If I take out some of m RRSP (in kind or cash), I will be taxed at 100 percent. I don’t really need the money urgently, but what (legal) strategy can I use to take it out without losing too much in tax?


----------



## Cal (Jun 17, 2009)

Not sure how comfortable you would be with this suggestion, I guess it depends on how your cash flow is too, but you could get an investment loan, to offset some of your tax hit upon withdrawing money from your RRSP and purchase the same equities that you were already holding.


----------



## Daniel A. (Mar 20, 2011)

RRSP withdrawals are taxed at your personal rate no getting around that.
One of two things either find the province with the lowest tax rate or draw down as much as you can without hitting the next tax bracket.


----------



## heyjude (May 16, 2009)

Having "too much" money is a nice dilemma to have! 
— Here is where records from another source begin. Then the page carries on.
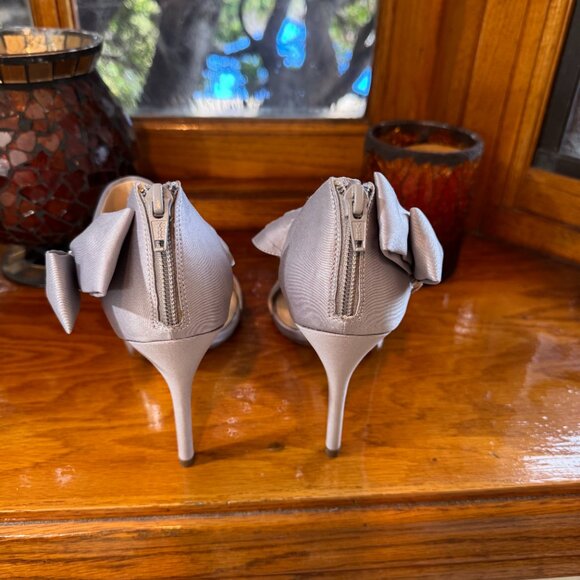 Nina Silver Satin Heels, 8M, New - Picture 4 of 8
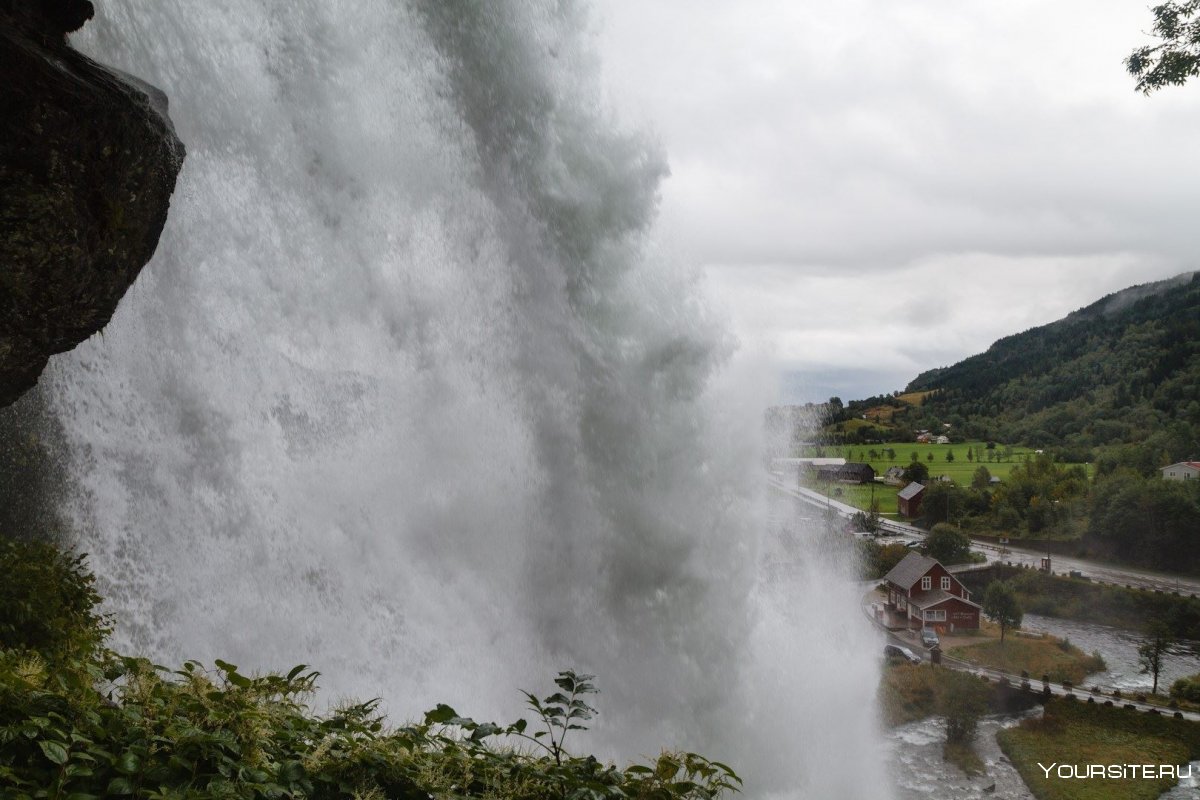 Норвегия водопад Хосе Фесин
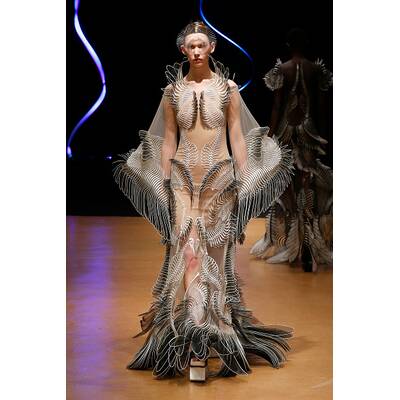  Iris Van Herpen Haute Couture Spring/Summer 2020 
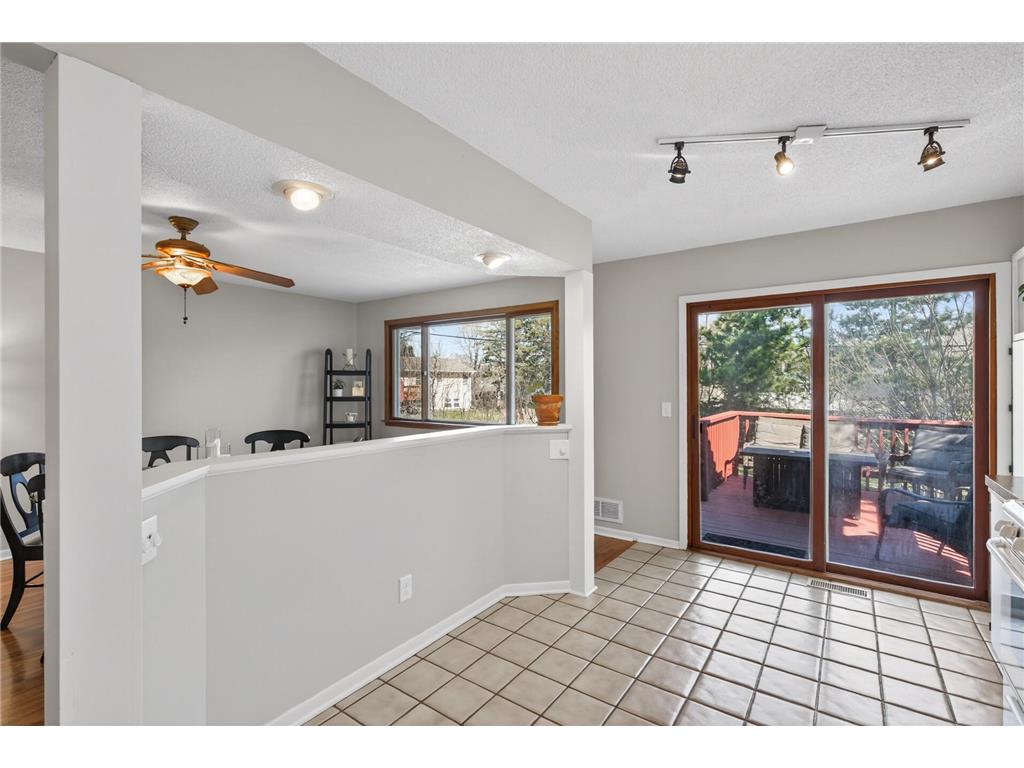 1075 Lowell Drive Apple Valley MN 55124 7050105 image12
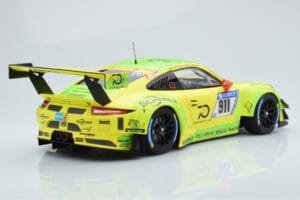 Porsche 911 GT3 R Manthey Racing #911 F. Scherer / K. Estre / R. Dumas / L. Vanthoor / E. Bamber 24 Hours of Nurburgring 2018 — afbeelding 2 van 6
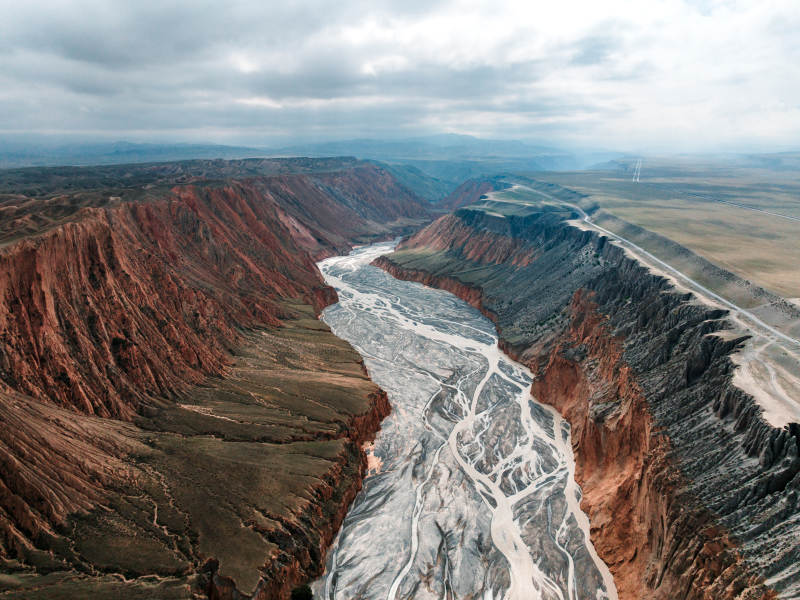 新疆安集海大峡谷红山大峡谷河床河谷悬崖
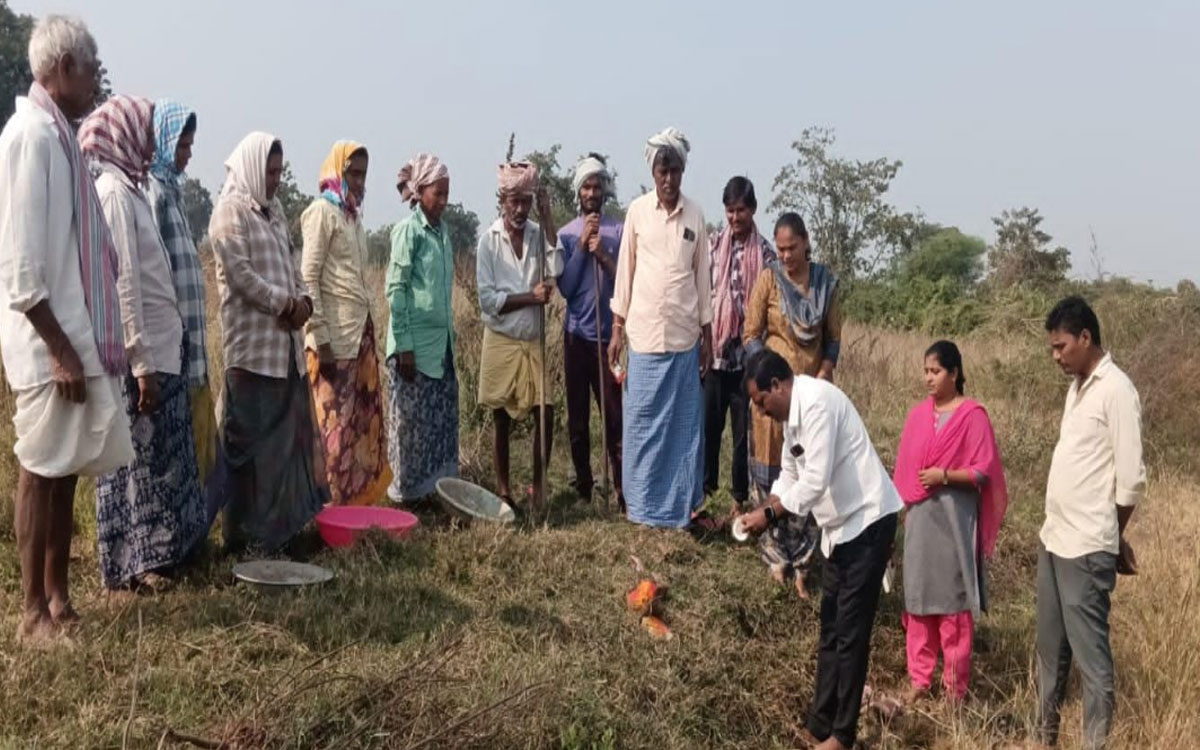 Tekulapalli : ‘ఉపాధి ప‌నుల‌ను పార‌ద‌ర్శ‌కంగా చేప‌ట్టాలి’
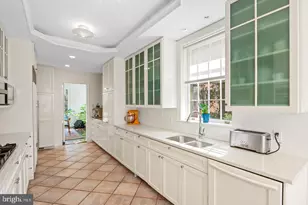 2468 Belmont Rd NW, Washington, DC 20008 - Photo 12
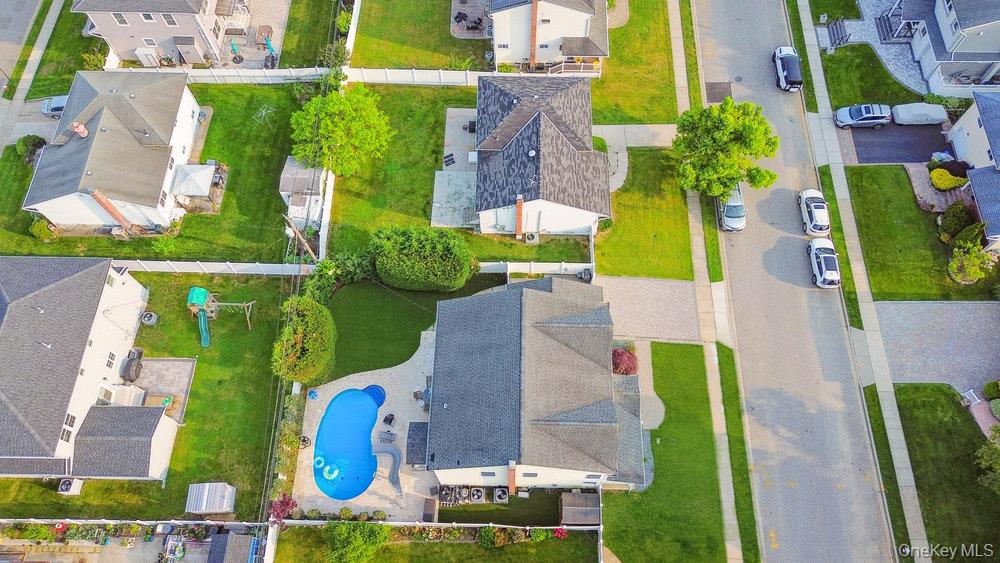 47 Syosset Circle Syosset Syosset, NY 11791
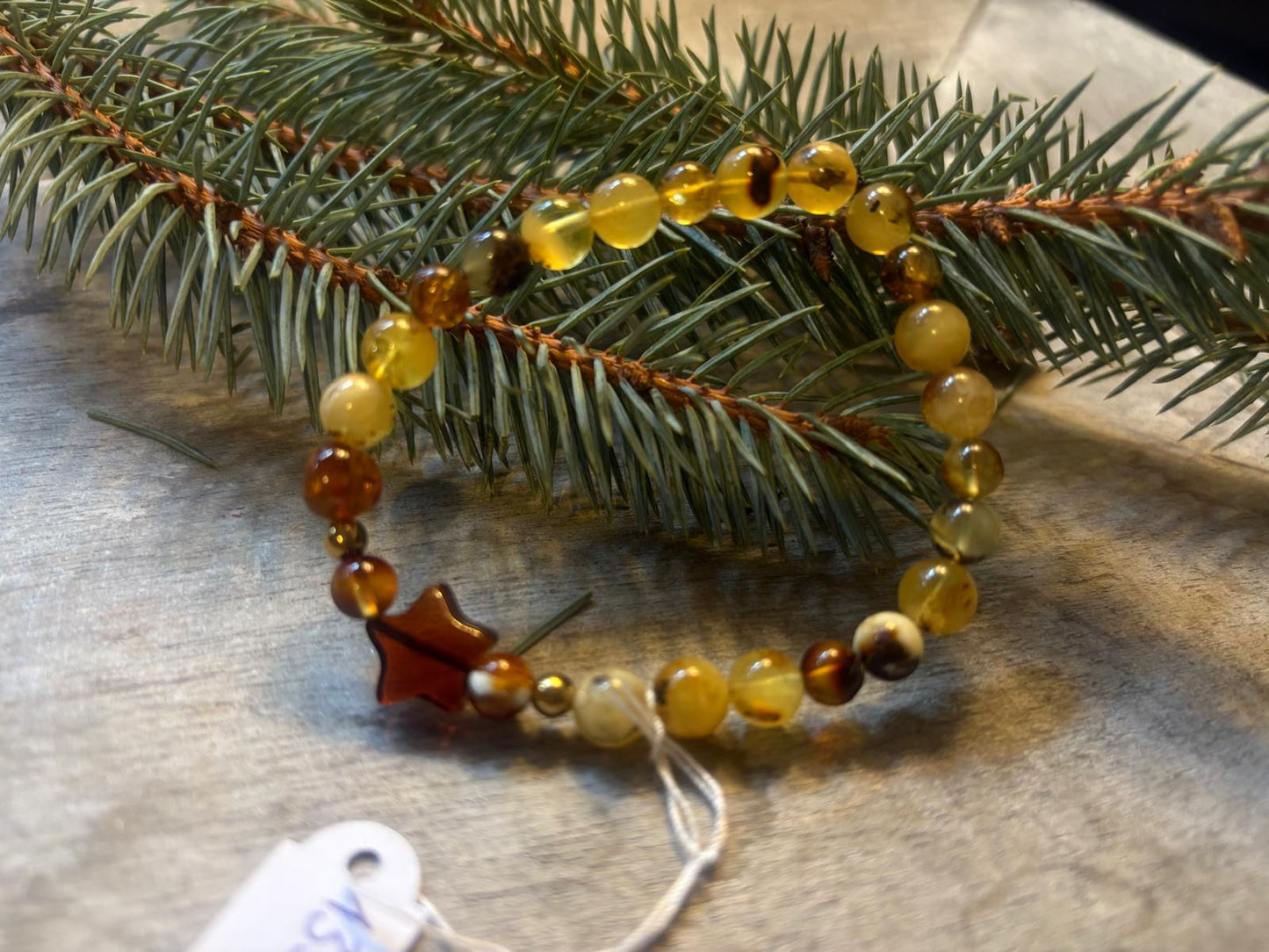 Schönes Armband aus natürlichen Bernstein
Presumably your inheritance will be in non-tax sheltered accounts so you will pay interest on income, dividends and realized capital gains earned, but you can take money out without incurring taxes. Your RRSP is tax sheltered but the payback is that when you withdraw, it will be taxed as income. On the one hand, you want to defer paying that tax as long as possible, but on the other hand, the larger your RRSP, the higher will be the minimum withdrawals after age 71, and the higher will be the tax liability. 

It seems to me that the issue of when to withdraw from the RRSP will occur irrespective of the presence of the inheritance. When you fully retire, if you do not have a pension, or if your pension does not meet your expenses, it may make sense to begin withdrawing (income) from the RRSP, taking just enough to avoid entering a higher tax bracket. That way, you will pay a low tax rate, and later on there will be less money in the RRSP subject to mandatory withdrawals. Any additional needs can be taken from your non-tax-sheltered portfolio. When you do have to take mandatory minimum withdrawals from your RRSP, any excess should be invested in a TFSA. 

The next question is now to invest the inheritance. In order of priority, I would
1. Use it to pay off any non-tax-deductible debt
2. Invest it in a portfolio of (eligible) dividend producing equities (which I would buy on a discount brokerage, avoiding ongoing fees)


----------